On the Sunday Morning June 1st edition of WCCO Sunday Morning, in an interview with Esme Murphy, Jeff Johnson, MN GOP endorsed candidate for Governor of Minnesota made the statement that Minnesota came in last – in 51st place, behind the District of Columbia in economic growth.  He then qualified that, when challenged  by Murphy, to last in small business creation.

 

I cannot find ANY source which factually supports such a statement, and Johnson did not give one in the interview.  We are NOT last in any form of business creation, including small business.  Jeff Johnson appears to have told a lie to advance his candidacy for governor, one that is easily checked.

 

I have long contended that conservatives believe things which are not true, which are factually false, and asserted that this is particularly true in the area of economics.  Republican economics do not work.  Republican math does not reflect accurate or functional numerical values.
What I DID find in the course of my fact checking was a surprising figure for where Minnesota stands, in comparison to other states, from a very right wing source,one funded by the U.S. Chamber of Commerce, a far right source, and their subsidiary organization, Free Enterprise.com., which measures some 30 different economic factors.

 

Is Jeff Johnson, MN GOP endorsed candidate for governor, the model for the figure of a lying Pinocchio?


In business creation performance, Minnesota ranked 15th
; in both the areas of infrastructure and what they term the ‘talent pipeline’ which compares the levels of education of our workforce – a key business component, Minnesota ranked 6th.

Minnesota is ranked 6th in this year’s report for its solid talent pipeline and workforce education system.
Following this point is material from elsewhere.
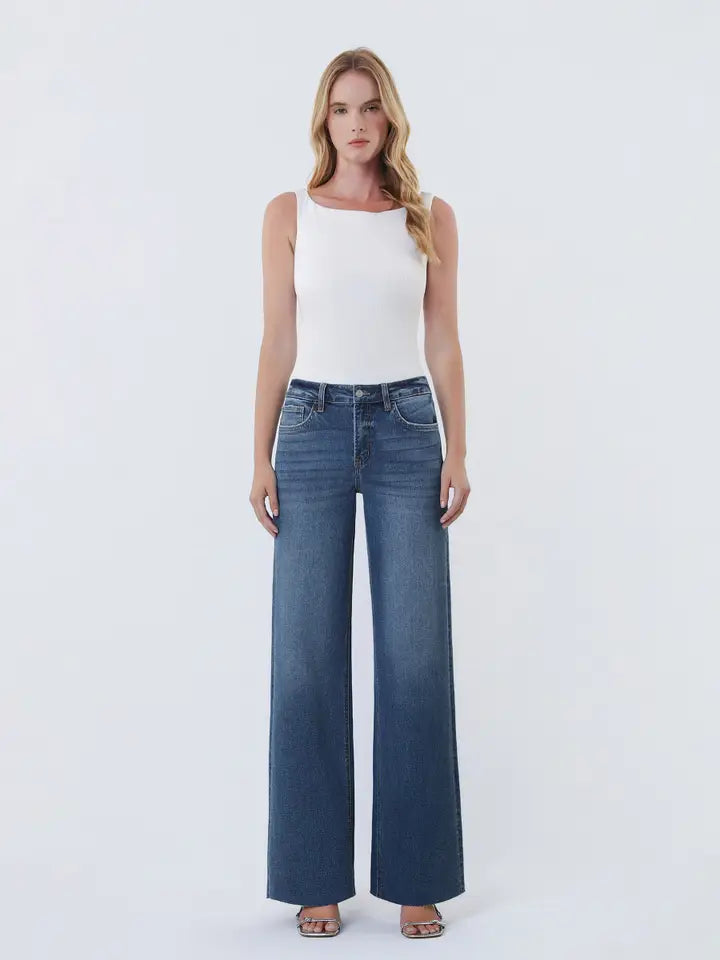 Annie High Rise Clean Cut Raw Hem Wide Leg Jeans |Dark Wash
The Land of 10,000 Lakes has the 2nd most educated young workforce, and its higher education system is the 4th most productive in degrees per 18- to 24-year-old.

And here is what the site said about our infrastructure – another component essential to business, including small business start ups:

While it may be known for the tragic Interstate 35 bridge collapse in 2007, Minnesota has the lowest share of structurally deficient or functionally obsolete bridges. The Governor’s Task Force on Broadband recently released a set of policy recommendations to improve deployment across the state, including targeted tax credits, expanded public access, more coordination efforts, and allowing broadband conduit to be installed in concert with highway projects.
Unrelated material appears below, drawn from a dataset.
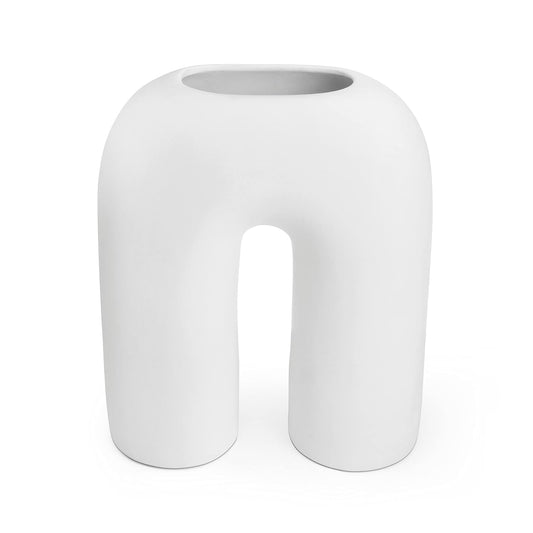 WHITE CERAMIC U SHAPED VASE 11INCH - PACK OF 1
Minnesota’s Transportation Economic Development Program offers grants to communities, covering up to 70% of the cost of transportation infrastructure installation or improvements for business expansion in targeted industries, including manufacturing and biosciences. Governor Mark Dayton has proposed continued funding for the program, citing its ability to leverage private investment, increase the tax base, and create new jobs.

Looks to me like Governor Dayton is doing things right – but not right wing – to keep Minnesota performing well in job creation and business start ups, of all sizes. But for comparison, let’s take a look at the same rankings for Wisconsin, since our MN GOP has no new ideas for keeping Minnesota competitive, and because the MN GOP wishes to emulate many of the policies of our next door neighbor, Wisconsin, under Republican Governor Scott Walker, and his Republican controlled legislature.

 

 

In overall performance, which includes these metrics / areas of measurement, Wisconsin ranked 44th out of 50:

Ten-year job growth (3 points)
Two-year job growth (3 points)
Overall expansion of gross state product (1 point)
Productivity: state output per job (1 point)
Productivity growth: growth in output per job (1 point)
Income growth: growth in per capita personal income (3 points)
Livability: median income of four-person household adjusted for state cost of living (2 points)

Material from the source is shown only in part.